# Triton TTS1400 Track saw



## Racer2007

Sounds like it is a pretty good saw and the price is not to bad either. 
I can't afford to Drink the Green Kool Aid either , plus I don't do Metric very well.


----------



## 01ntrain

Two questions:

Does it have a riving knife? If not, have you noticed a need for one?

Does the depth gauge allow for the thickness of the track, or do you have to add the thickness?

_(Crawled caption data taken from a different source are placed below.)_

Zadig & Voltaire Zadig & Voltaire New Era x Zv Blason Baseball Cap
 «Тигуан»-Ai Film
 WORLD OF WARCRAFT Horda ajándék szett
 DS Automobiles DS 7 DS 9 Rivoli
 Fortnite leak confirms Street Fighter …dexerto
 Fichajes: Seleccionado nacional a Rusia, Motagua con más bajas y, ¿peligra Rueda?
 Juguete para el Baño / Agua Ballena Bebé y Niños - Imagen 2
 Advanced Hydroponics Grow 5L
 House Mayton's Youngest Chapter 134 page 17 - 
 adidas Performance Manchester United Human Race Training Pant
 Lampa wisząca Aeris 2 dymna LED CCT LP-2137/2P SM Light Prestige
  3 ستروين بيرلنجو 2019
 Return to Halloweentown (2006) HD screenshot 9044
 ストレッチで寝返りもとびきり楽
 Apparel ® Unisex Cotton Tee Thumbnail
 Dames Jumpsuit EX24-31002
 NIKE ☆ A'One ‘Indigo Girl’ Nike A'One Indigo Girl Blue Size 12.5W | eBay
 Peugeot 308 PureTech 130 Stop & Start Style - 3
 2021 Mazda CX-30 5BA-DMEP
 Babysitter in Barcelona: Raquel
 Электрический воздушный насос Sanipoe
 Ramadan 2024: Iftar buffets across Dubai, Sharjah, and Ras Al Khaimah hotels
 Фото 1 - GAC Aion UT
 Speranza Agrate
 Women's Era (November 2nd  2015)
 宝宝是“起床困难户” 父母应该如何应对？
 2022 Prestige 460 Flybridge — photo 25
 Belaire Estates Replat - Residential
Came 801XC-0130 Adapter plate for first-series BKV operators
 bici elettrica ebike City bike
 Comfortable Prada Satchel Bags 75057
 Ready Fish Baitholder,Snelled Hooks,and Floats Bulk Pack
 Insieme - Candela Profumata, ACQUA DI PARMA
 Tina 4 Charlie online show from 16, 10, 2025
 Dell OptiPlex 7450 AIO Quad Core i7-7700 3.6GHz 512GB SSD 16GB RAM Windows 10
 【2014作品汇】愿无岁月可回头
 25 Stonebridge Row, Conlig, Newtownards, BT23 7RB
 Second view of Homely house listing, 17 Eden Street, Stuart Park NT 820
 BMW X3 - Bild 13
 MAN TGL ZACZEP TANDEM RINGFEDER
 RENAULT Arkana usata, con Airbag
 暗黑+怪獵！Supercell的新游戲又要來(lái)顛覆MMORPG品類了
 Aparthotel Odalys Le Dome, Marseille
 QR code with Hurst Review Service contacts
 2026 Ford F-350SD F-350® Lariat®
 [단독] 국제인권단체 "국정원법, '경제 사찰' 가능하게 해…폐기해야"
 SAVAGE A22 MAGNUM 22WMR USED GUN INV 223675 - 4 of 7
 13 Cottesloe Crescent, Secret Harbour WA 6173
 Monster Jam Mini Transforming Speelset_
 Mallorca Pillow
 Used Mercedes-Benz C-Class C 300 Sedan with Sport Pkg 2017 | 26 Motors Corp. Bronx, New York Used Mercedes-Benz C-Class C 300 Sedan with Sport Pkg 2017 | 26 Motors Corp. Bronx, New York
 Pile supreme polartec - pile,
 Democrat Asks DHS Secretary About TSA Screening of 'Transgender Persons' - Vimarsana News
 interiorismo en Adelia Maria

I, too, have an aversion to drinking the Green Kool-Aid. Triton looks right up my alley. It's cheaper than the Makita and has more options(i.e. soft-start, variable speed) and power than the Grizzly/ShopFox/Scheppach.


----------



## Nicky

I should have mentioned that the saw does not have a riving knife. The saw locks into the track, and I can't slide it backwards. I've made about 30 cuts with the saw, felt good and smooth. I use a few 2×4s (3' x 6' grid) with half laps that I assemble on 2 saw horses. Sheet goods are well supported. I've not used this free hand just yet, but will be on Sunday. I need to prepare some 4/4 cherry. I'll use the saw to cross cut and post a note on the results.

The scale is calibrated for use with the track.


----------



## bigben1

The scale for the triton track saw isn't calibrated right with track I have to put it on 7/8 to cut 3/4


----------